Task requirements:
After locating the line that contains "14k White Gold", output that line and each one following it, exactly, to the end of the entries. No pictures.

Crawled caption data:

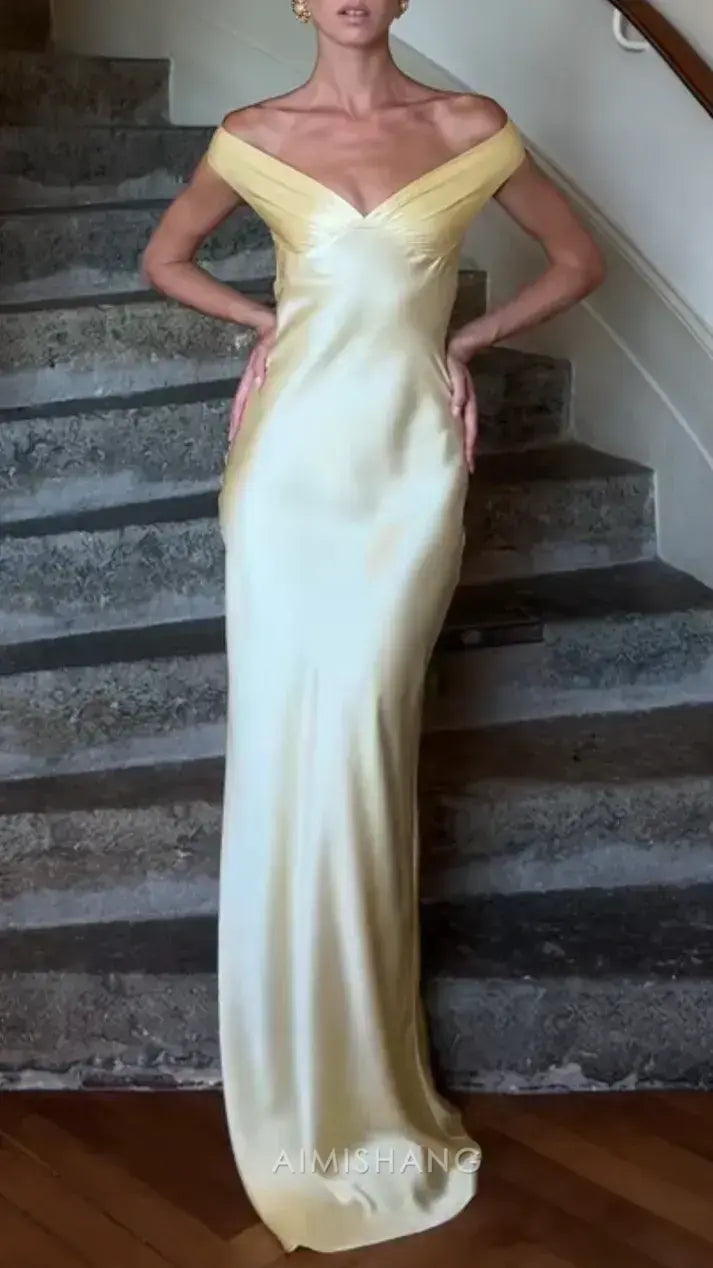 Aimishang Elegant Off the Shoulder Yellow Satin Long Prom Dress Simple Evening Party Dress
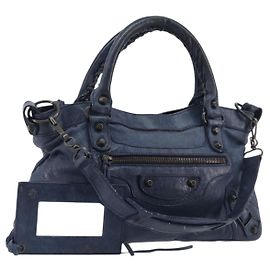 BALENCIAGA Bolsa de mão The First em couro 2way Azul 103208 Auth 197341V Azul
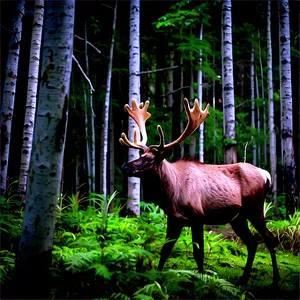 Caribou In Dense Forest PNG Aud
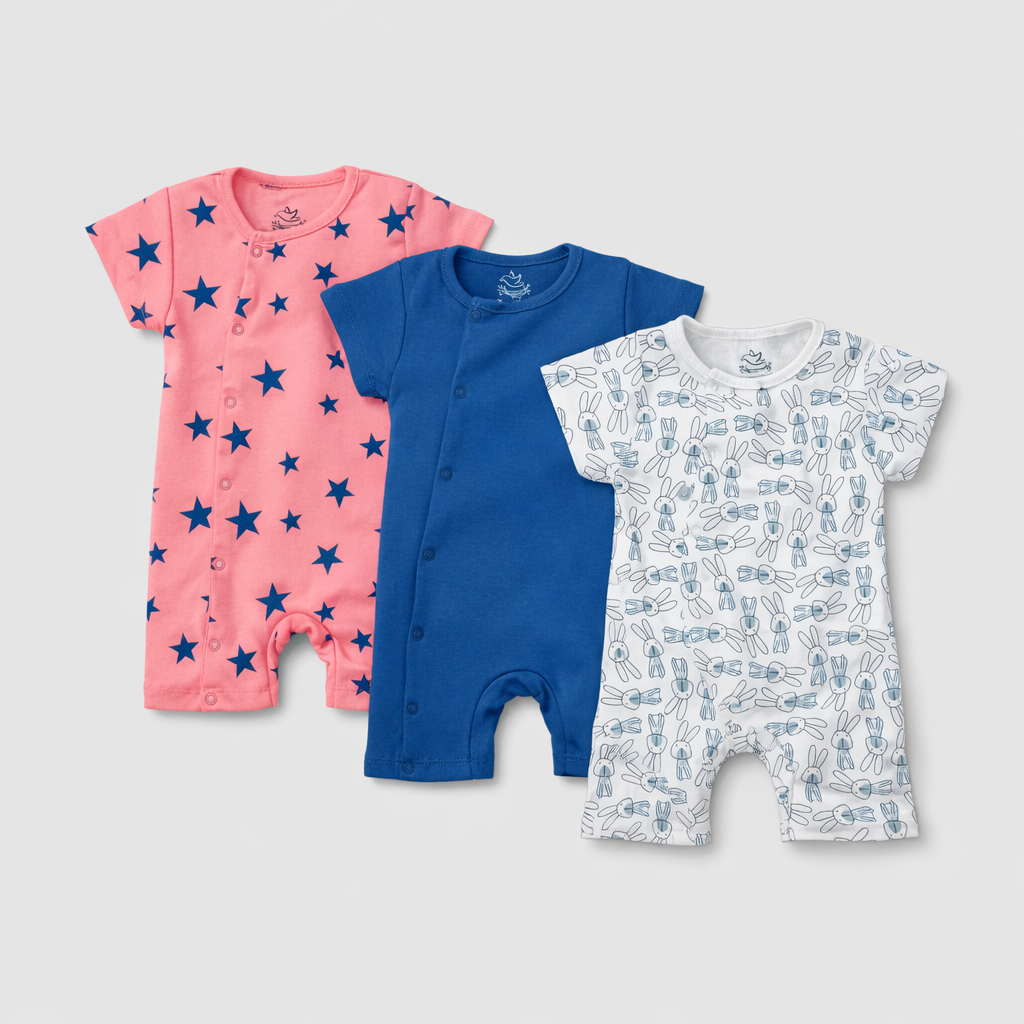 Pack Of 3 Safari half-Sleeve Bodysuit (Bundle)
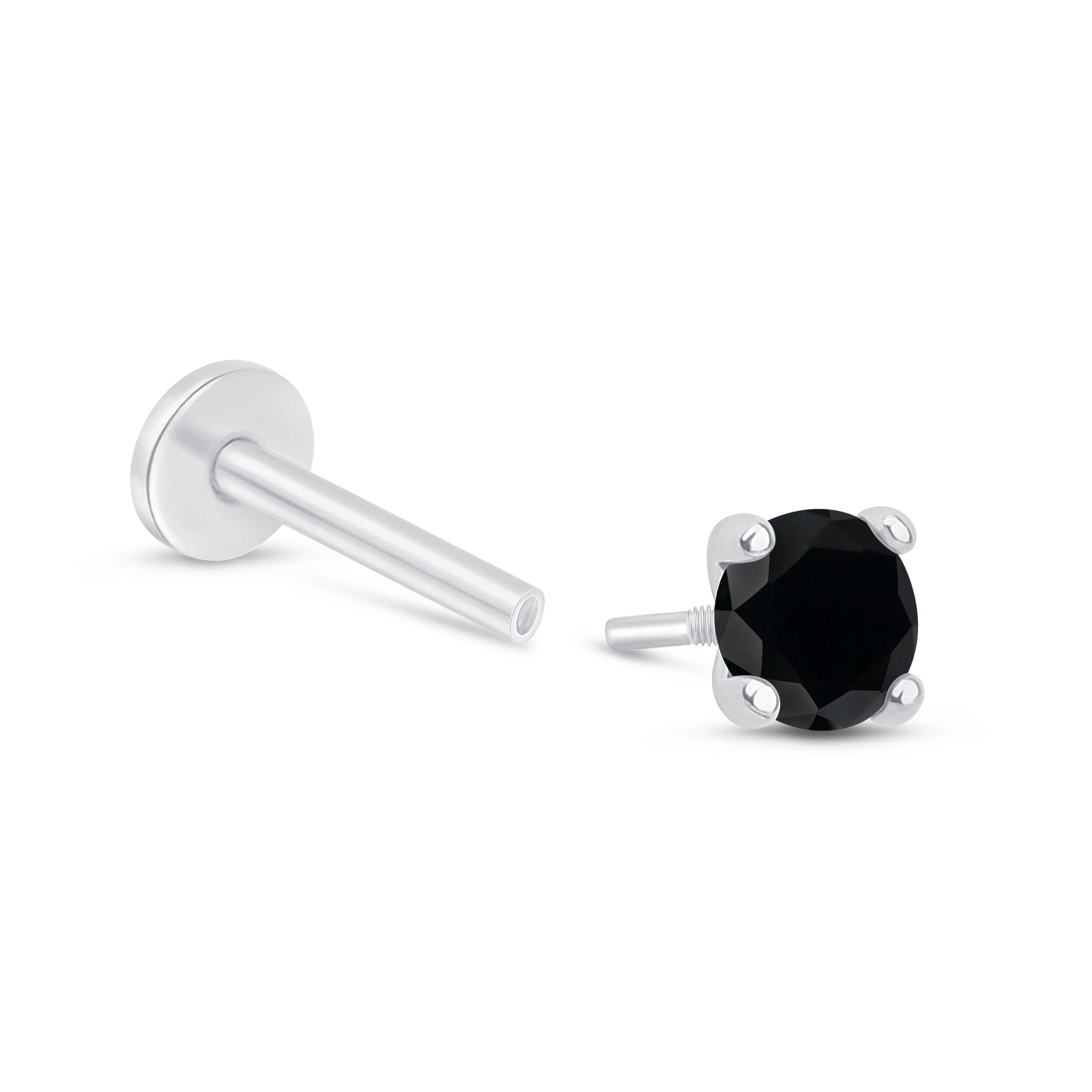 14k White Gold Black Diamond Cartilage Flat Back Stud Earrings - Perfect for Daily Wear, Parties & Special Occasions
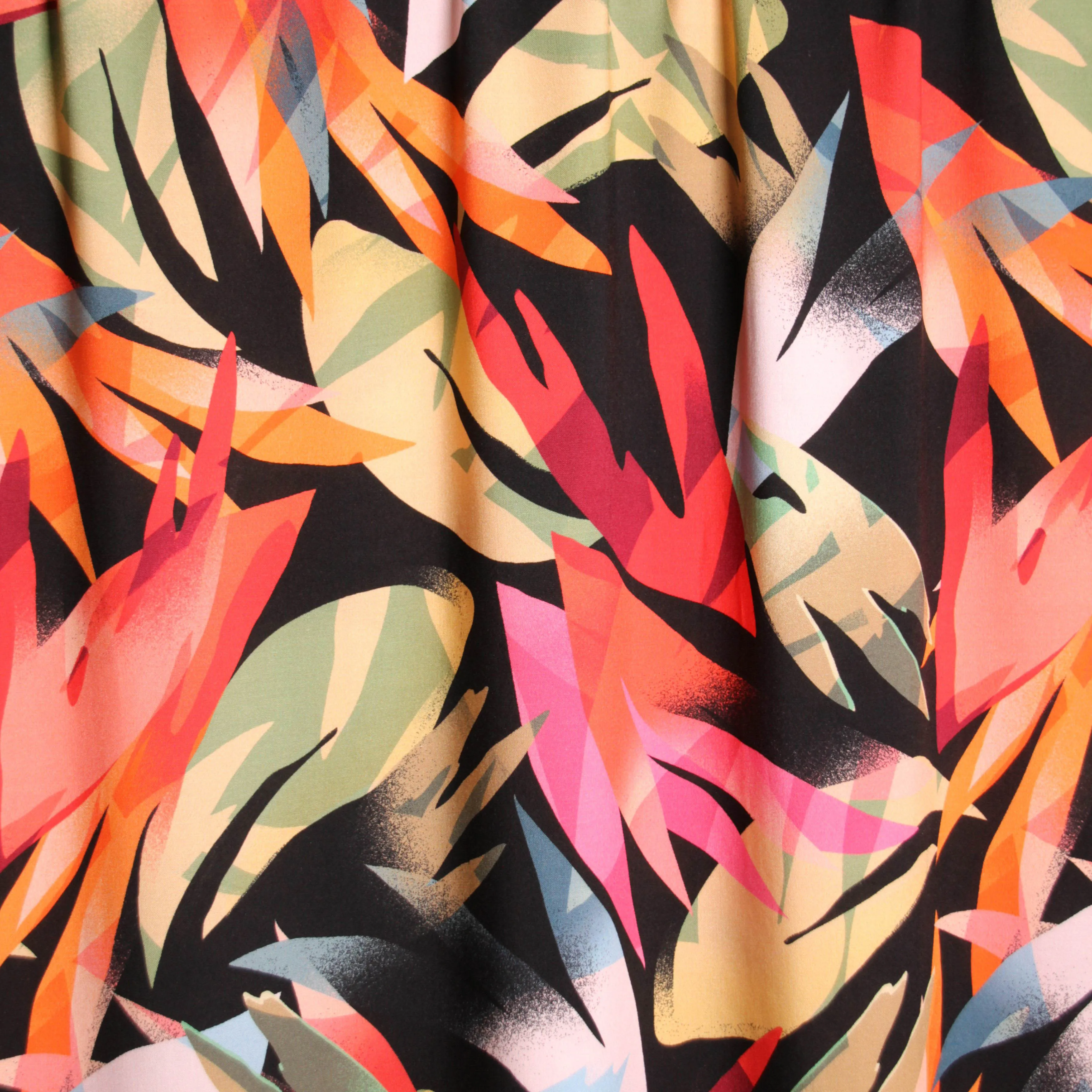 Viscose zwart plant leaves  - Atelier Jupe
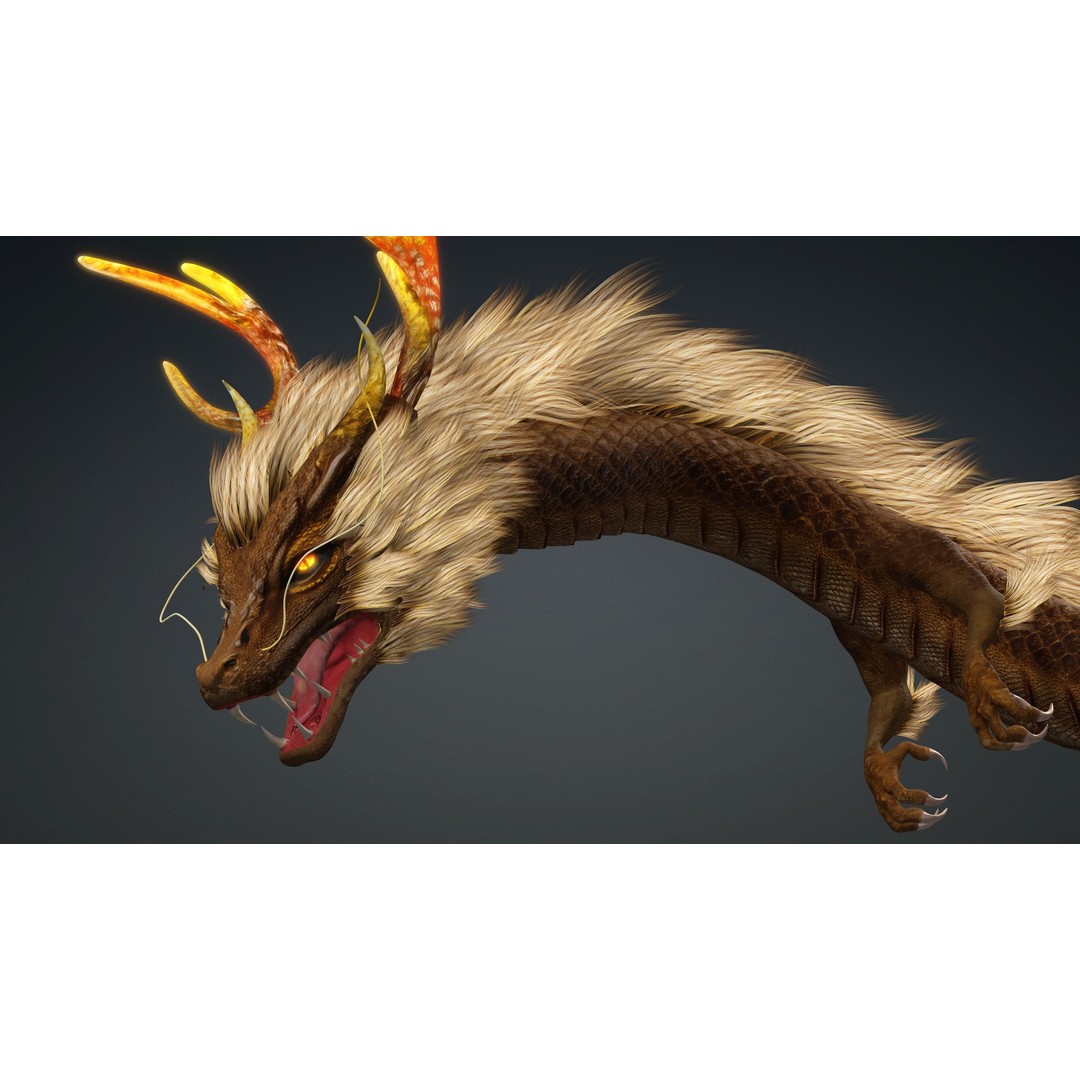 Dragon-B1 3D Model – Rigged Fantasy Creature with PBR Textures, FBX - View 7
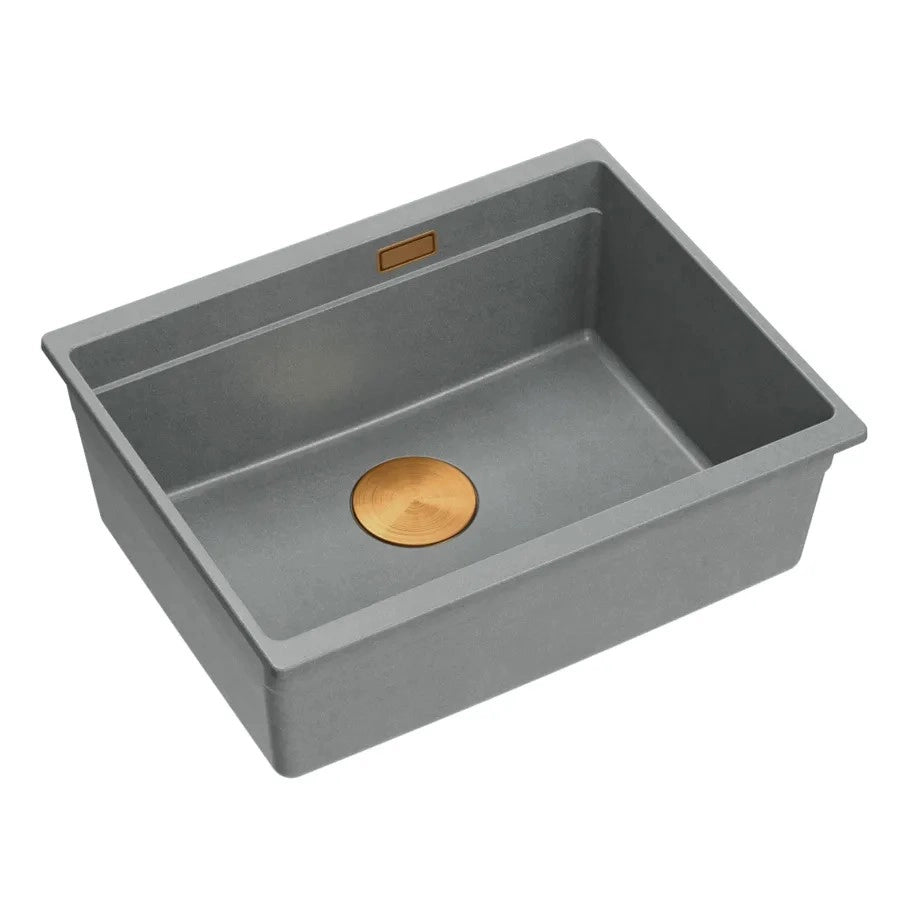 Lavello In Granito Logan 100 Grey Metallic Tappo rame spazzolato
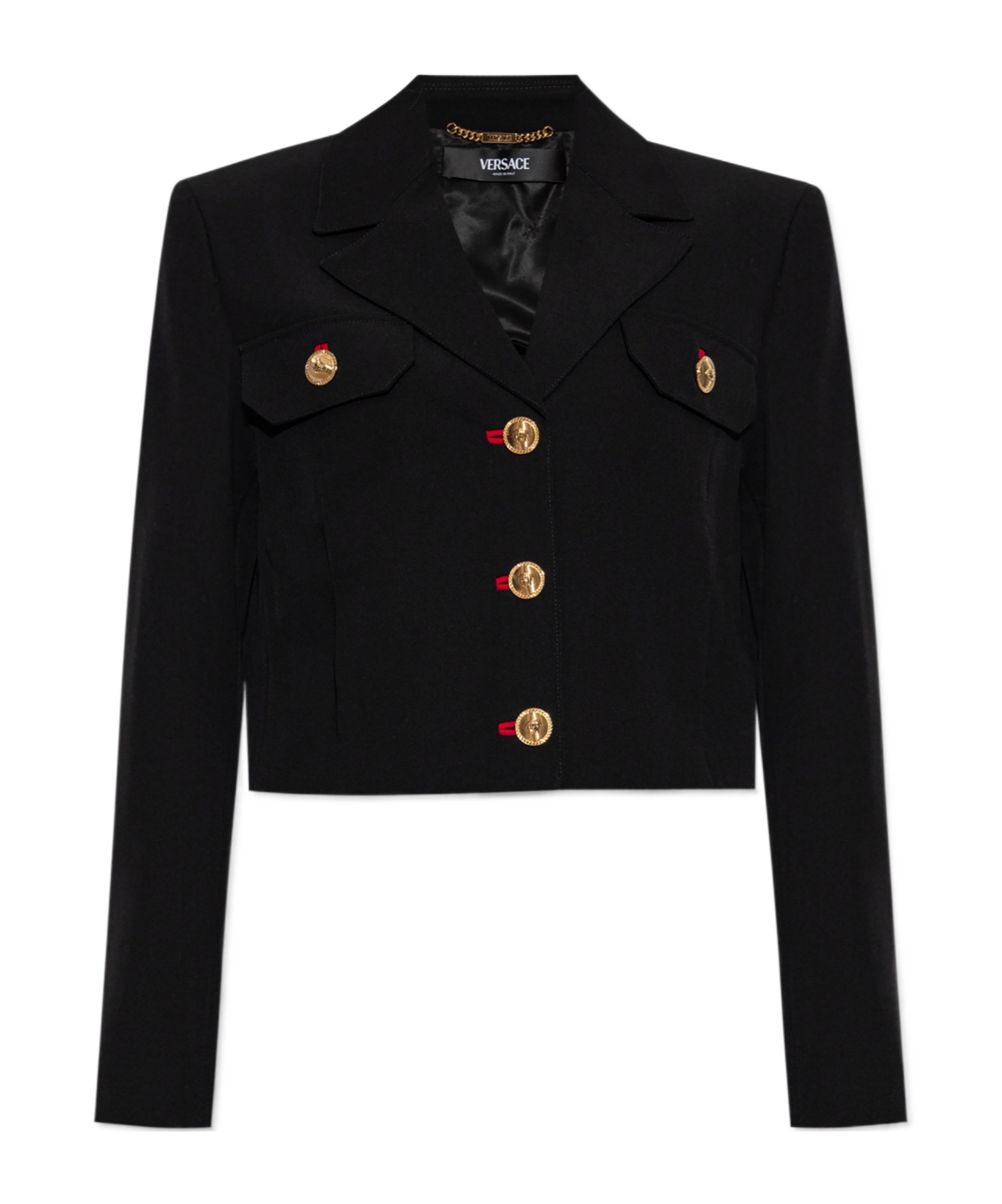 Versace Single-breasted Stretch Crepe Crop Informal Jacket In Black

Result:
 14k White Gold Black Diamond Cartilage Flat Back Stud Earrings - Perfect for Daily Wear, Parties & Special Occasions
 Viscose zwart plant leaves  - Atelier Jupe
 Dragon-B1 3D Model – Rigged Fantasy Creature with PBR Textures, FBX - View 7
 Lavello In Granito Logan 100 Grey Metallic Tappo rame spazzolato
 Versace Single-breasted Stretch Crepe Crop Informal Jacket In Black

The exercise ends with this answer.